GrammaTech / ddisasm

A fast and accurate disassembler
https://grammatech.github.io/ddisasm/
GNU Affero General Public License v3.0
645 stars 60 forks source link

[Question] How to get the analyzed instruction boundaries from Ddisasm #36

Closed ZhangZhuoSJTU closed 2 years ago

ZhangZhuoSJTU commented 2 years ago

Hi,

Thanks for your great efforts of bringing datalog disassembly to the community.

I am trying to make ddisasm a disassembly backend of my own project, where the instruction boundaries of the original ELF are needed (i.e., the disassembly result). I am wondering whether ddisasm can directly output the disassembly results (like what ghidra/IDA Pro does), or some coding upon the codebase is required.

Thanks!

aeflores commented 2 years ago

If you want assembly listings, ddisasm will output those with the option --asm, see ddisasm --help.

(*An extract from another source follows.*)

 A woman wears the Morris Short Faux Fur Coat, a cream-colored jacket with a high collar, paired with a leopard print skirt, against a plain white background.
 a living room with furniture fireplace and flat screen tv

If you want code boundaries, it would be relatively simple to obtain the boundaries of all basic code blocks using the GTIRB api https://github.com/GrammaTech/gtirb e.g.:

import gtirb
ir_library = gtirb.IR.load_protobuf("ex.gtirb")
m = ir_library.modules[0]
for codeblock in m.code_blocks:
    print(codeblock.address,codeblock.address+codeblock.size)

where ex.gtirb is the gtirb file generated by ddisasm.

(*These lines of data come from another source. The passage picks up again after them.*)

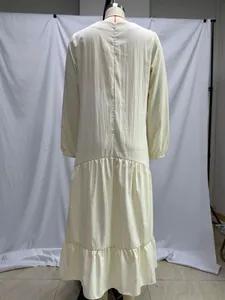 Vista posterior de un vestido maxi holgado de manga larga en color crema con volantes.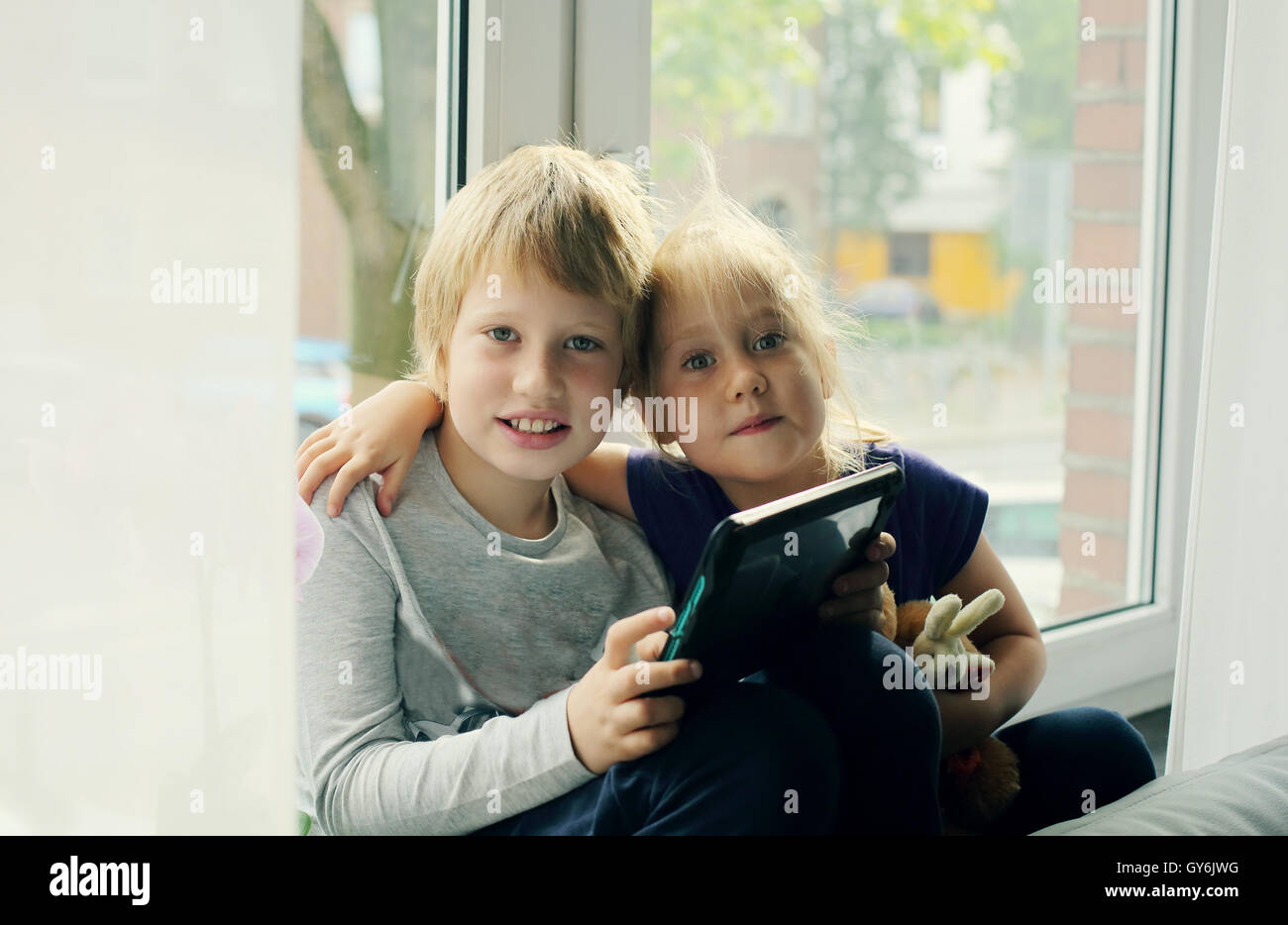 Portrait of autistic 8 years old boy with his 5 years old sister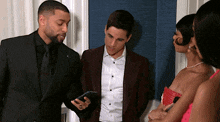 a man in a suit is looking at his phone while standing next to two women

If you want individual instruction boundaries, you can use https://github.com/GrammaTech/gtirb-capstone to get the instructions for each of the code basic blocks. E.g.:


import gtirb
import gtirb_capstone
ir_library = gtirb.IR.load_protobuf("ex.gtirb")
m = ir_library.modules[0]
decoder = gtirb_capstone.rewriting.GtirbInstructionDecoder(gtirb.Module.ISA.X64)
for codeblock in m.code_blocks:
    for insn in decoder.get_instructions(codeblock):
        print(insn.address)

I hope that helps!

ZhangZhuoSJTU commented 2 years ago

@aeflores Thanks! It looks great! Appreciate your prompt reply and kind help.